WHAT NEEDS TO BE DONE:
In the data below, restate exactly the lines from the one with "Eagle Usa Flag 3D All Over Print T-Shirt" to the final line, both included, but not the pictures.

INFORMATION SUPPLIED:
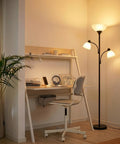 Sky Dome Double LED Floor Lamp With Two Reading Lamps, Torchiere Style, Lit Room-Filling Bright Light, Black Pole in office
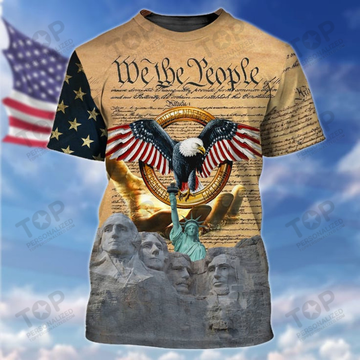 Eagle Usa Flag 3D All Over Print T-Shirt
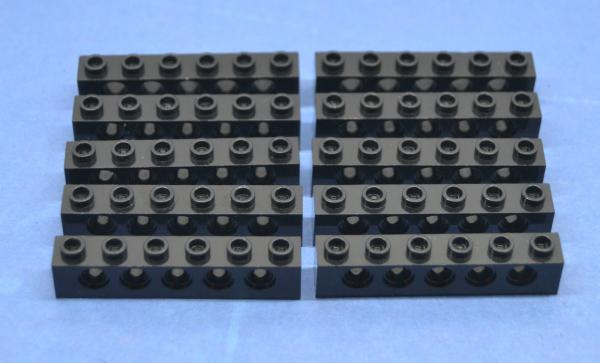 LEGO 10 x Lochstein Lochbalken schwarz Black Technic Brick 1x6 with Holes 3894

ANSWER SPACE:
 Eagle Usa Flag 3D All Over Print T-Shirt
 LEGO 10 x Lochstein Lochbalken schwarz Black Technic Brick 1x6 with Holes 3894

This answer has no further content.